Better to have data replication in place, streaming data to Snowflake without disrupting operations and delivering insights like nobody's business. Better yet, if you play your cards right, you can set it up with self-service dashboards and BI reporting so you never get that Slack message again.
Replication is the safest and smartest route to actionable insights. Replication keeps your Postgres database running your daily tasks while sending Snowflake the data it needs for advanced analytics and reporting. You get to take full advantage of both systems, keeping your operations moving while giving you the tools to make smarter, data-driven decisions.
In this article, we’ll break down why replication matters, how transactional and analytical databases differ, and the steps you can take to make the replication process smooth, reliable, and effective.
Getting the best of both worlds from Postgres and Snowflake
Postgres and Snowflake serve very different purposes, but together they create a powerful duo for managing and analyzing data. Postgres for transactional work, Snowflake for crunching large datasets for reporting and analytics.

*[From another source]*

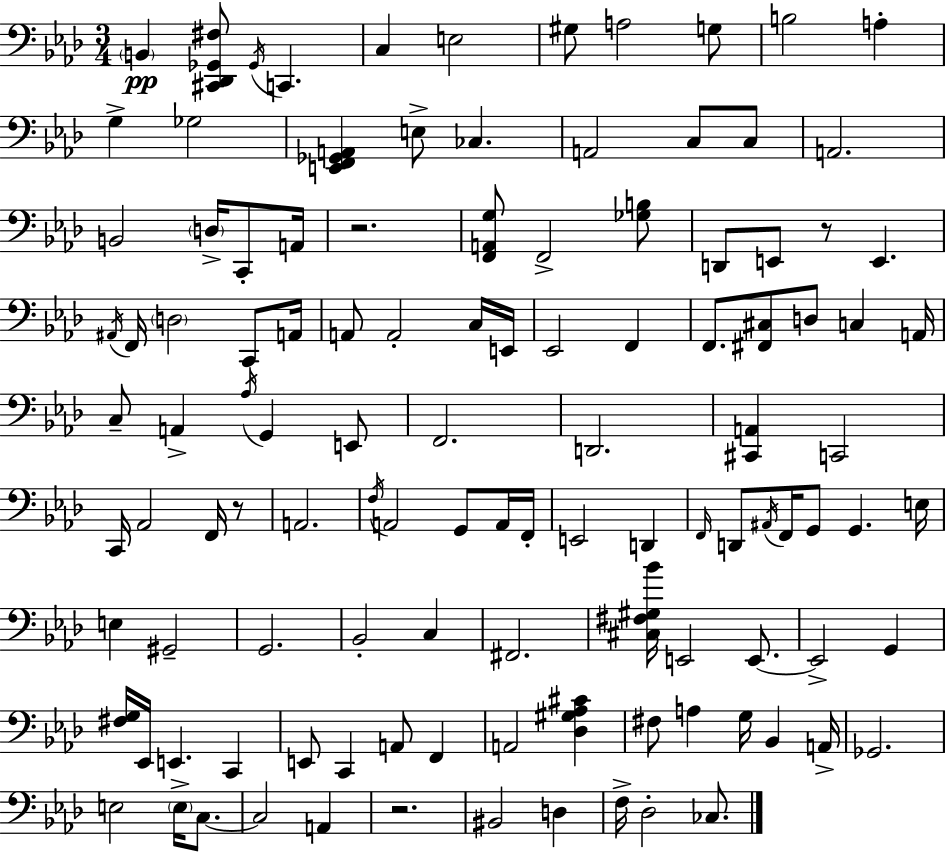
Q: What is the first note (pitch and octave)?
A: B2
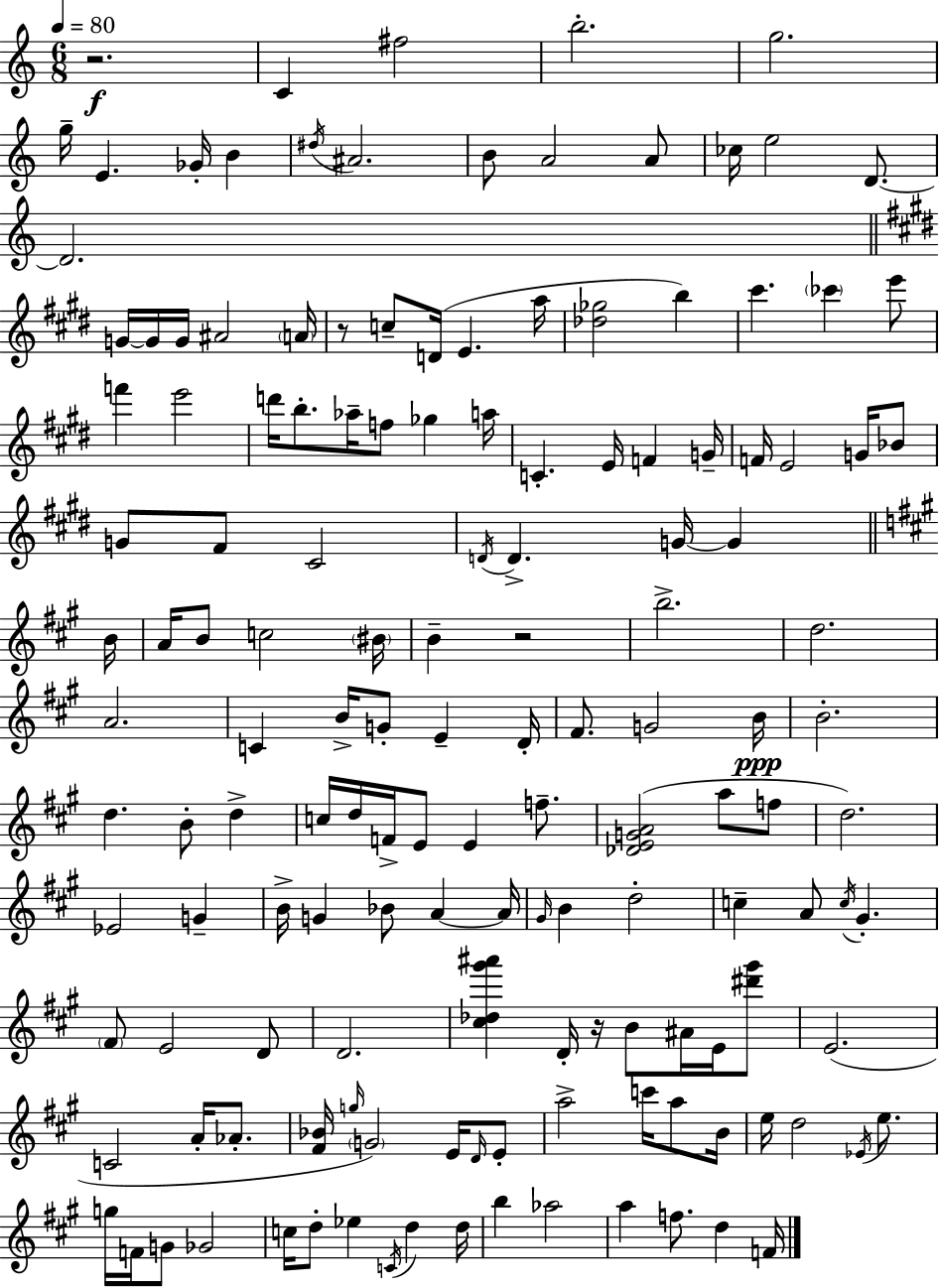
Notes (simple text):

R/h. C4/q F#5/h B5/h. G5/h. G5/s E4/q. Gb4/s B4/q D#5/s A#4/h. B4/e A4/h A4/e CES5/s E5/h D4/e. D4/h. G4/s G4/s G4/s A#4/h A4/s R/e C5/e D4/s E4/q. A5/s [Db5,Gb5]/h B5/q C#6/q. CES6/q E6/e F6/q E6/h D6/s B5/e. Ab5/s F5/e Gb5/q A5/s C4/q. E4/s F4/q G4/s F4/s E4/h G4/s Bb4/e G4/e F#4/e C#4/h D4/s D4/q. G4/s G4/q B4/s A4/s B4/e C5/h BIS4/s B4/q R/h B5/h. D5/h. A4/h. C4/q B4/s G4/e E4/q D4/s F#4/e. G4/h B4/s B4/h. D5/q. B4/e D5/q C5/s D5/s F4/s E4/e E4/q F5/e. [Db4,E4,G4,A4]/h A5/e F5/e D5/h. Eb4/h G4/q B4/s G4/q Bb4/e A4/q A4/s G#4/s B4/q D5/h C5/q A4/e C5/s G#4/q. F#4/e E4/h D4/e D4/h. [C#5,Db5,G#6,A#6]/q D4/s R/s B4/e A#4/s E4/s [D#6,G#6]/e E4/h. C4/h A4/s Ab4/e. [F#4,Bb4]/s G5/s G4/h E4/s D4/s E4/e A5/h C6/s A5/e B4/s E5/s D5/h Eb4/s E5/e. G5/s F4/s G4/e Gb4/h C5/s D5/e Eb5/q C4/s D5/q D5/s B5/q Ab5/h A5/q F5/e. D5/q F4/s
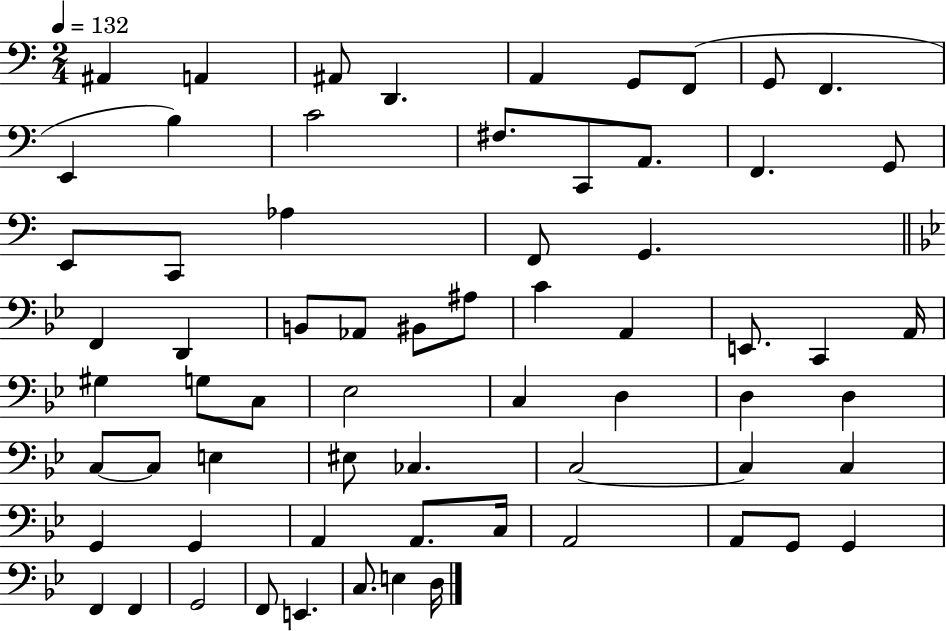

Postgres: The backbone of transactional databases
Postgres is a trusted choice for managing transactional data—it’s fast and reliable, even with high-frequency read and write operations. You’re probably using it to manage large volumes of small, frequent transactions, making it the backbone for the essential tasks that keep modern applications running for one of the following:
- Backend applications for processing orders, managing user accounts, and updating inventory in real time, ensuring reliable performance.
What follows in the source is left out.